Note: You can use the cache and session control action to clean cache and related session information from the Internet Explorer browser only. The action does not clear browser cache and session-related items from Firefox, Safari, or any other browser. However, other items you configure in the action are cleaned on all Windows systems.
Note: Windows Cache and Session Control is not compatible with Windows Protected Workspace. You should not use a Windows Protected Workspace action in a session that includes the Windows Cache and Session Control action.
Add a cache and session control action anywhere in the access policy, as long as it is used on a branch for Windows clients.
1.
On the Main tab of the navigation pane, expand Access Policy, then click Access Profiles.
The Access Profiles List screen opens.
2.
In the profile list, find the access policy you want to edit, then click Edit in the Access Policy column.
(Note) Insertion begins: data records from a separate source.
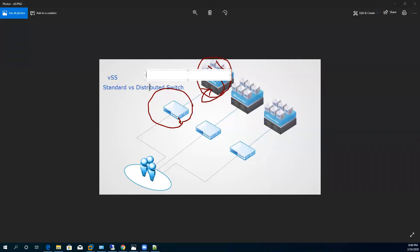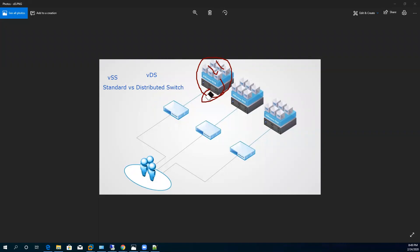VMware introduced VDS — Virtual Distributed Switches. From the term 'distributed' you can easily understand that the scope of the distributed switch is totally different from the standard switch. Although the distributed switch is also used for the purpose of connectivity, it breaks the boundary of a single host. You can connect two, three, or many hosts using this VDS technology. Let's move further and get more details about distributed switches.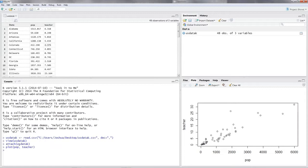It looks like we have a nice positive correlation. The Pearson correlation coefficient only tells us about the correlation between both variables in either direction. What we want to know is the effect of the population of a single state on the number of teachers in the same state in the year 1890. What we have to do now is regression analysis.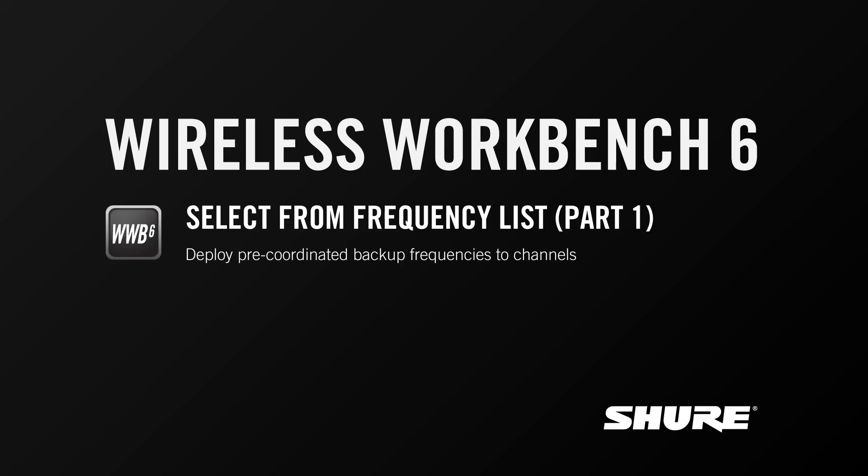Hey, this is Sam from Shure. In this video tutorial, I'm going to talk about a feature called Select from Frequency List, which enables you to coordinate extra or backup frequencies and deploy them to channels in a runtime environment.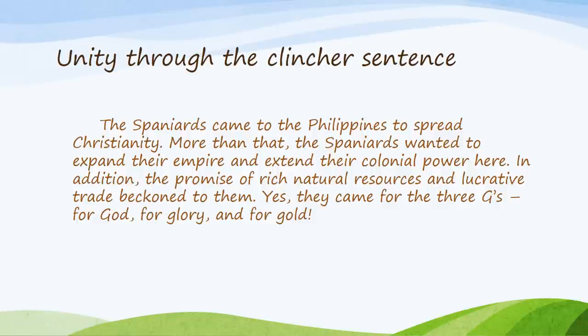Unity can also be achieved through the clincher sentence. Look at the last sentence: 'Yes, they came for the three Gs — for God, for glory, and for gold' — which is supported by the first, second, and third sentences.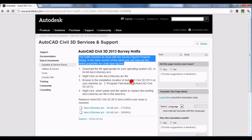I'll have to assume that's what this hot fix mostly fixes, but maybe there are other things in there too. So if you've been having troubles working with survey figures, this hot fix will probably fix those problems for you.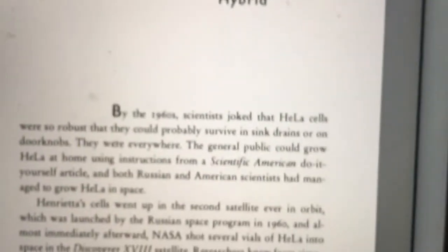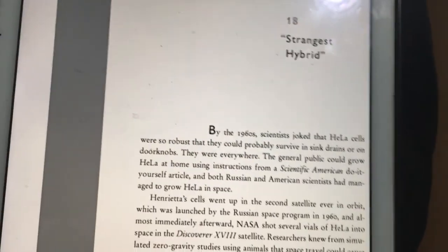Despite scientists' fears, the ethical crackdown didn't slow scientific progress. In fact, research flourished, and much of it involved HeLa. This is the end of chapter 17.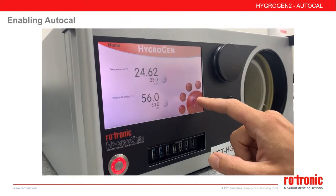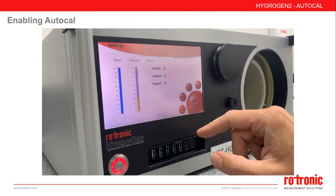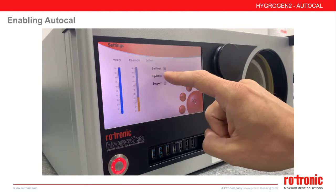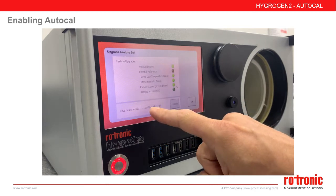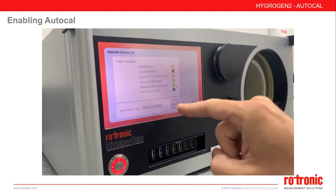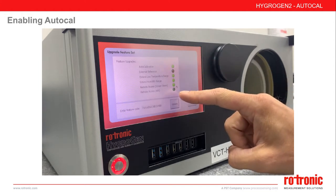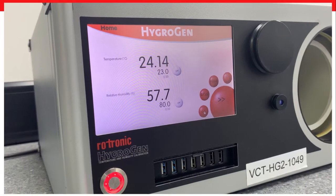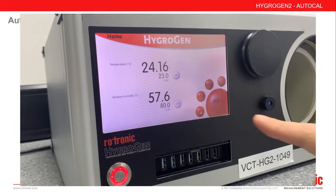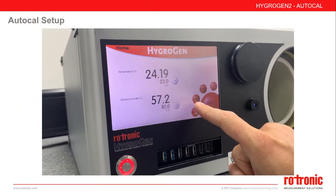To enable the AutoCal features, scroll to the settings screen, select Updates, Upgrade Features, and enter your feature code here. Press Update. Once applied, you will see all active features on the screen above. With AutoCal enabled, we will now see the ACAL button on the main menu.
The visual policy editor opens in a new window or new tab, depending on your browser settings.
4.
On the Endpoint Security (Client-Side) tab, select Windows Cache and Session Control and click Add Item to add the action to the access policy.
The Cache and Session Control action popup screen opens.
For the option Clean forms and passwords autocomplete data option, select Enabled or Disabled.
Enabled removes autocomplete data from web forms, and deletes saved passwords from the system after the user logs out.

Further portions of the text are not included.